One of last week's other Cabinet Office announcements covered the new non-executives for Government Departments.  Having done this sort of role for a couple of years (in a large "non-departmental public body" ) I wish them luck - rewarding but ultimately very frustrating, I found.

We don't normally get personal here but these are high profile appointments so we'll make an exception.  I'd like to wish particular good luck to a lady I worked with some 25 years ago. She joined Mars as a graduate trainee 3 years after me.  It was a very competitive environment and it would have been easy in theory to take against her - double first from Oxford, smart, attractive, athletic, frighteningly efficient and composed...but she was also just such a reasonable, positive,  friendly person that is was impossible to do anything other than respect and like her.  She was an absolute star, and when she left Mars some years later (some time after I'd gone) because of the difficulty in the Mars culture of juggling work and kids, people felt the company had lost a future global leader.

But how Sara Weller will cope with the political (with small and large 'P') machinations of the Department of Communities and Local Government, where she is now the 'Lead Non-executive Board member", I don't know.  It's one of the strangest Whitehall Departments in my experience, with no coherent history or culture, a huge remit over local government, some power through funding but no real executive authority, and hated by many of its stakeholders.

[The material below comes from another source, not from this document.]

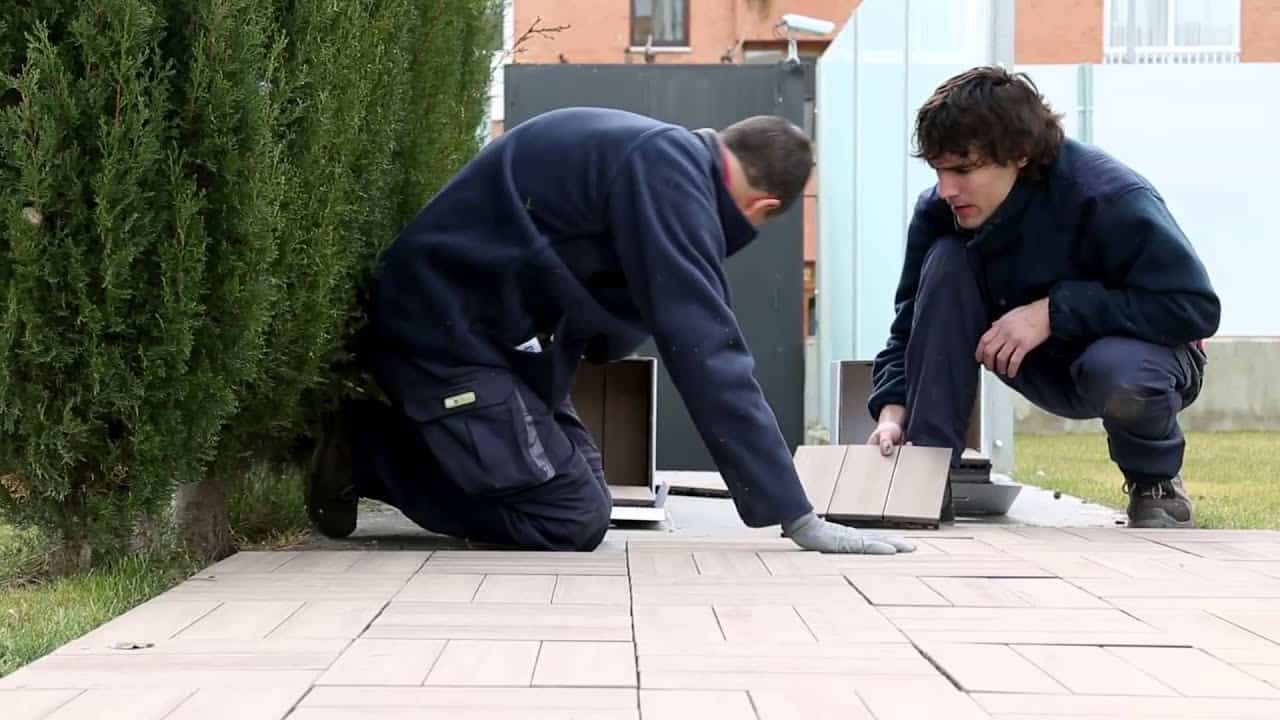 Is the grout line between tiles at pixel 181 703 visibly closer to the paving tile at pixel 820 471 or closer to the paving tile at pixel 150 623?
the paving tile at pixel 150 623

Weller has worked for firms that were pretty straightforward in their approach: Mars, Sainsbury, and Argos, where she is currently MD.  Firms where reporting lines are clear and senior people can actually make things happen quickly and directly.  Not a description of the local government world by any stretch of the imagination.  And if local authorities swing to Labour in next spring's elections - as there is every chance they will - then things could get even hairier.

Procurement should be somewhere fairly near the top of her and the Department's agenda  - there's at least £60 Bilion annual spend there, for a start.  Assuming the RIEPS are dead, who or what is going to drive procurement improvement?  Is collaboration the way forward or does localism, the Big Society and giving contracts to the third sector trump that?

Anyway, let's hope all these private sector stars make an impact in Whitehall.  I fear some of them at least will find it all a bit strange, and the lack of clear power ultimately frustrating.  (And I'll offer good odds that not a single permanent secretary will be fired by their Board over the next 2 years...)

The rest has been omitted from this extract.